Here is how to choose the right tires for winter driving.
1. Evaluate Your Tire Size
One of the best practices is to purchase a similar size of winter tires to their all-season counterparts. To find out the size of your tires, check the sidewall of your current tires.
Your tire size is provided in the following format: P215/615R16 93S
Here's how to read tire code.
- "P" stands for passenger. It indicates the tire is designed for passenger vehicles. (There's also "LT" for light trucks)
- "215" represents the tire's width in millimeters.
- "615" is the aspect ratio which is the ratio of the tire's sidewall height to its width.
- "R" indicates the tire has radial construction.
- "16" represents the diameter of the wheel or rim in inches.
- "9" is the load index which converts to the weight the tire can support.
- "S" is the speed rating which is a maximum sustained speed the tire can handle.
Using the exact tire size as your all-season tires maintains your vehicle's balance and handling characteristics.
Different tire sizing affects the suspension geometry and steering response which can be detrimental when driving in winter weather.
2. Studded Compared To Performance Winter Tires
Studded tires come with metal studs embedded in the tread. By digging into the ice, the studs enhance traction on icy and hard-packed snow surfaces.
These types of tires are ideal choices in areas with plenty of snow like Montana, North Dakota, Minnesota and portions of Canada including Alberta and Quebec.
Studded tires improve your ability to stop and maneuver safely in extreme driving conditions. Still, they can damage road surfaces and leave ruts or potholes in mild snowing conditions.
On the other hand, performance winter tires are excellent in areas that experience moderate winter weather.
These areas include Chicago, Denver and Boston as well as the southern Canadian cities of Vancouver and Toronto where snow and slush is common.
Ultimately, choosing between studded or performance winter tires depends on your local climate, road conditions and driving habits.
Ensure you check with local agencies regarding studded tire use. Some areas allow them during specific winter months, while others have banned them outright.
3. Pick the Right Depth and Pattern
The basics of picking a tread pattern are straightforward—the more rugged the design and broader the channels between the tread, the better the grip on ice and snow.
New snow tires generally have between 10/32 and 12/31 of an inch in tread depth---distance from the top of the tread blocks to the bottom of the channels between each tread block.
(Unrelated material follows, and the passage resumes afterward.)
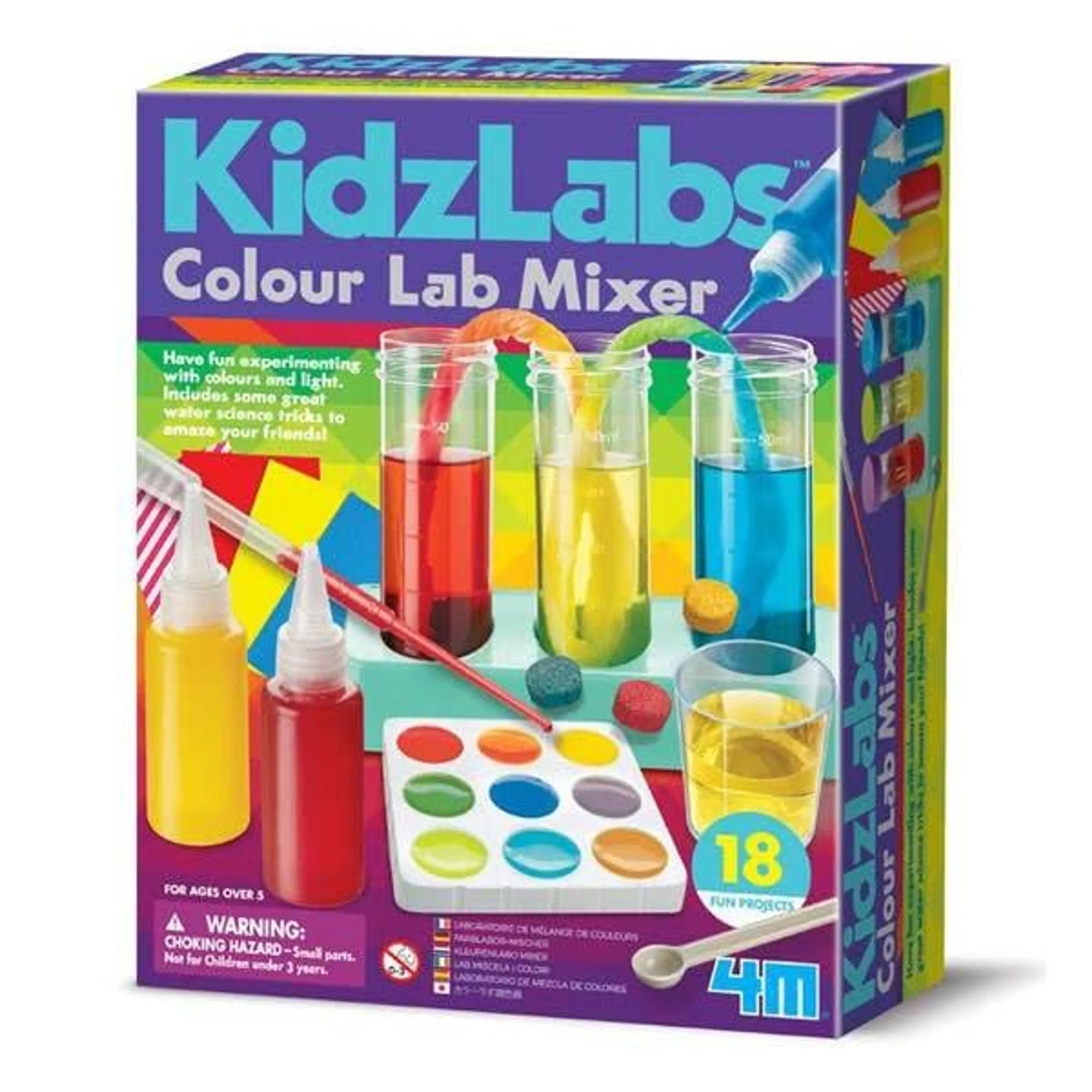 4M KidzLabs Colour Lab Mixer Science Kit - 5 years+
In other words, the deeper the tread depth, the less snow is likely to build and impact its grip on the road.
This type of tread pattern may create more road noise at high speeds. But, if you drive through areas frequently clogged with snow, good grip remains the most important consideration.
For drivers using roads cleared frequently of snow, they can opt for a smoothed-out tread design which generates less road noise.
4. Three Peak Mountain Snowflake
Finding the right tires for winter driving is not a simple task, and drivers should also consider the Three-Peak Mountain Snowflake symbol on the side wall.
The 3PMSF symbol indicates the tire meets specific performance standards for winter traction and is suitable for use in snowy and icy conditions.
An M+S badge on the tire means it also is engineered to perform well in moderate winter conditions.
All 3PMSF tires are built with specific tread patterns and rubber compounds optimized for slippery surfaces. They are pliable in freezing temperatures and significantly reduce a vehicle’s stopping distance on snow-covered roads.
Use of 3PMSF tires is required for some snowy regions of the US and Canada. Check local regulations before mapping out your next visit.
5. Insist on More than One Option
Ask for more than one choice before selecting tires for your snowy travels. There are a lot of trade-offs when it comes to selecting the best winter tire for your style and location of driving. Explore them all including: grip, noise, amount of seasonal snow, mileage, where you expect to travel, annual mileage and warranty.
Winter varies depending on where you live. While some areas experience heavy snowfall, other places have freezing rain.
Some vehicles may not be compatible with winter tires. Factors like tire size, load capacity and speed rating must align with a vehicle's specifications. Looking at multiple options helps ensure you find a tire that matches your car's requirements.
Before taking your new tires out for a spin, secure your vehicle for the cold season by scheduling it for a vehicle inspection. Driving in winter weather can be perilous as the weather brings many hazardous conditions even the most experienced motorists find challenging.
Proper maintenance ensures your vehicle's vital components like brakes, lights, battery and heating system are in optimum working condition. It also saves you money by fixing minor problems before they become expensive repairs and also prevents your car from breaking down on your next winter road trip.